Respondent: Sullivans
CATCHWORDS: Competing interests in registrable goods - Bona fide purchaser for value without notice - Nemo dat rule
LEGISLATION CITED: Road Safety Act 1986 (Vic)
Chattel Securities Act 1987 (Vic)
Goods Act 1958 (Vic)
CASES CITED:
Registrar, Security Interests v Psarros (1989) 51 SASR 318
DECISION: Appeal allowed




      THE SUPREME COURT

      OF NEW SOUTH WALES

      COURT OF APPEAL

      CA 40253/98
      CL 47/96

      SHELLER JA
      POWELL JA
      BEAZLEY JA

      Friday, 5 May 2000


      MONTEDEEN PTY LIMITED t/as DELTA CAR AND TRUCK RENTAL v ROSSFIELD NOMINEES (ACT) PTY LIMITED


      FACTS

      Capital was a franchisee of one of the appellant’s car and truck hire businesses. The respondent, a car financier, leased five vehicles to Capital but permitted Capital to register the vehicles in Victoria as owner. Capital had possession of the vehicles. Capital purported to sell the vehicles to the appellant.

      The respondent and appellant both claimed title to the vehicles. The respondent claimed as owner and relied on s 27 of the Goods Act 1958 (Vic) (the nemo dat rule). The appellant claimed that the respondent’s interest in the vehicle was extinguished by s 7(1) of the Chattel Securities Act 1987 (Vic) (the Act), relying on the bona fide purchaser for value doctrine under that section.

      The respondent had registered its interest in three of the vehicles under the Act but had provided incorrect registration details. It had not registered its interest in the other two. The result was that its interest in each vehicle was classified as an unregistered security interest under the Act.

      HELD

      (i) The vehicles were registrable goods under the Act: ss 3(1) and 13.

      (ii) Section 7 of the Act is directed at determining priorities between a party with a security interest in registrable goods and a third party purchaser of those goods.

      (iii) It provides an exception to the nemo dat rule: s 27 of the Goods Act .
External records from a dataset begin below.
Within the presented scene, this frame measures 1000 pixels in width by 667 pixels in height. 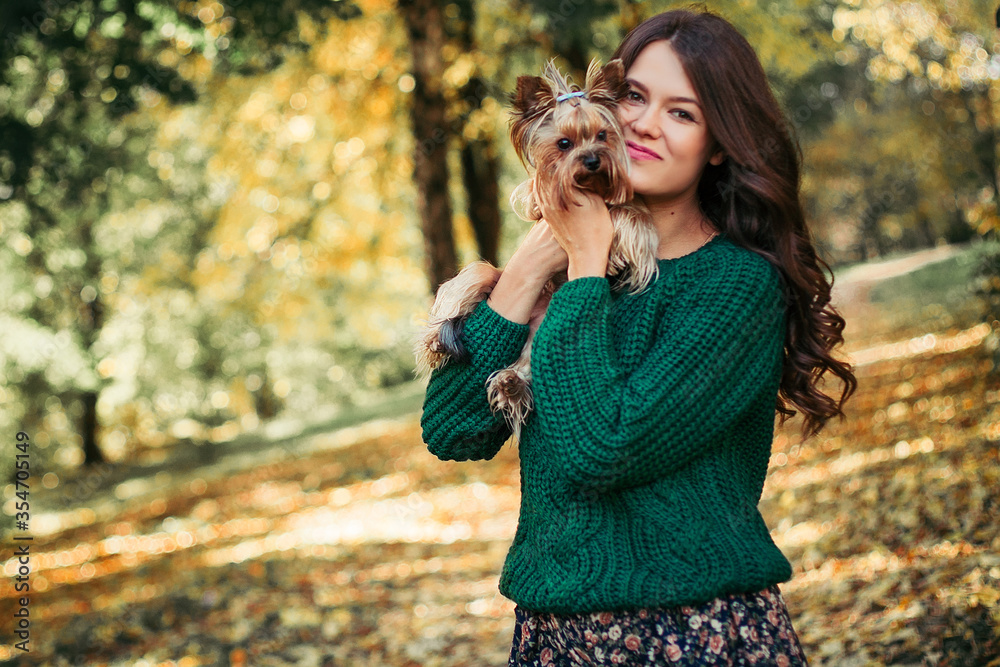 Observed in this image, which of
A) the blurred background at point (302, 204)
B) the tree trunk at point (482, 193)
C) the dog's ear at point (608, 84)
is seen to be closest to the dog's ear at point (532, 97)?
the dog's ear at point (608, 84)

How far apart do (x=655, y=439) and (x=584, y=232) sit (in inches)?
21.5

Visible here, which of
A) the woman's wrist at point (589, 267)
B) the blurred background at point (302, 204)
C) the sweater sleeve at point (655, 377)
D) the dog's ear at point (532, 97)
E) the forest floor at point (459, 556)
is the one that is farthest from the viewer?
the blurred background at point (302, 204)

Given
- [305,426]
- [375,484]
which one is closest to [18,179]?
[375,484]

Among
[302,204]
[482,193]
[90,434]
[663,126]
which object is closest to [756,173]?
[663,126]

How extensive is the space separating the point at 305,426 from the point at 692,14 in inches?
820

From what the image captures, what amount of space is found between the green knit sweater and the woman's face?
0.68 feet

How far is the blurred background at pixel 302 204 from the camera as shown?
22.8 feet

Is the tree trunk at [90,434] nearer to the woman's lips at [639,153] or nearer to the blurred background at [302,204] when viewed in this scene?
the blurred background at [302,204]

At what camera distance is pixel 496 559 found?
7367mm

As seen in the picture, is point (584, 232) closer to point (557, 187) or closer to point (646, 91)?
point (557, 187)

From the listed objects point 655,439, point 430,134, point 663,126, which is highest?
point 430,134

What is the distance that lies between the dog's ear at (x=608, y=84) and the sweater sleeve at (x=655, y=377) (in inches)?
20.6

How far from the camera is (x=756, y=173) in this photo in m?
2.05

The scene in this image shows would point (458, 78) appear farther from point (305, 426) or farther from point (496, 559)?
point (305, 426) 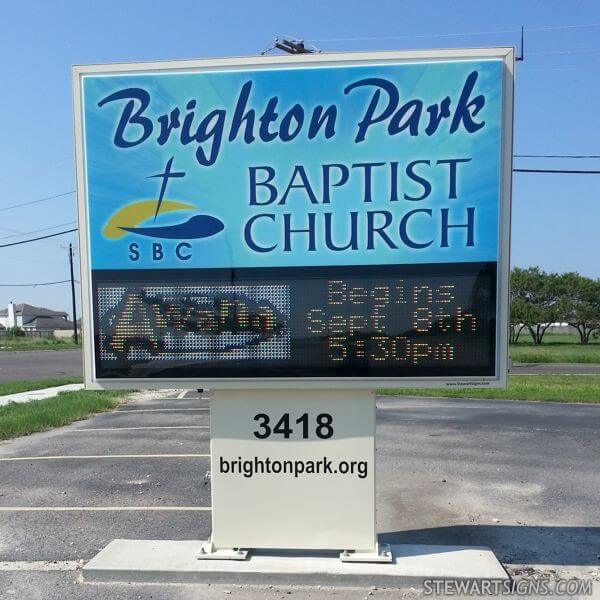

      (iv) The appellant established that it was a bona fide purchaser of the registrable goods for value without notice within the meaning of s 7 of the Act.

      ORDERS

      (i) Appeal allowed;

      (ii) Orders 1 and 2 of Santow J set aside;

      (iii) In lieu thereof Order that the Summons be dismissed;

      (iv) The appellant to have liberty to apply in relation to costs of the trial within seven days of today. Any such application to be supported by written submissions. The respondent to file written submissions in reply within seven days of receipt of the appellant’s application and submissions;

      (v) The respondent to pay the appellant’s costs of the appeal, but to have a certificate under the Suitor’s Fund Act 1951 (NSW) if so qualified;

      (vi) Cross-appeal dismissed;

      (vii) Cross-appellant to pay the cross-respondent’s costs of the cross-appeal.

      THE SUPREME COURT

      OF NEW SOUTH WALES

      COURT OF APPEAL

      CA 40253/98
      CL 47/96

      SHELLER JA
      POWELL JA
      BEAZLEY JA

      Friday, 5 May 2000


      MONTEDEEN PTY LIMITED t/as DELTA CAR AND TRUCK RENTAL v ROSSFIELD NOMINEES (ACT) PTY LIMITED

      JUDGMENT

1    SHELLER JA: I agree with Beazley JA.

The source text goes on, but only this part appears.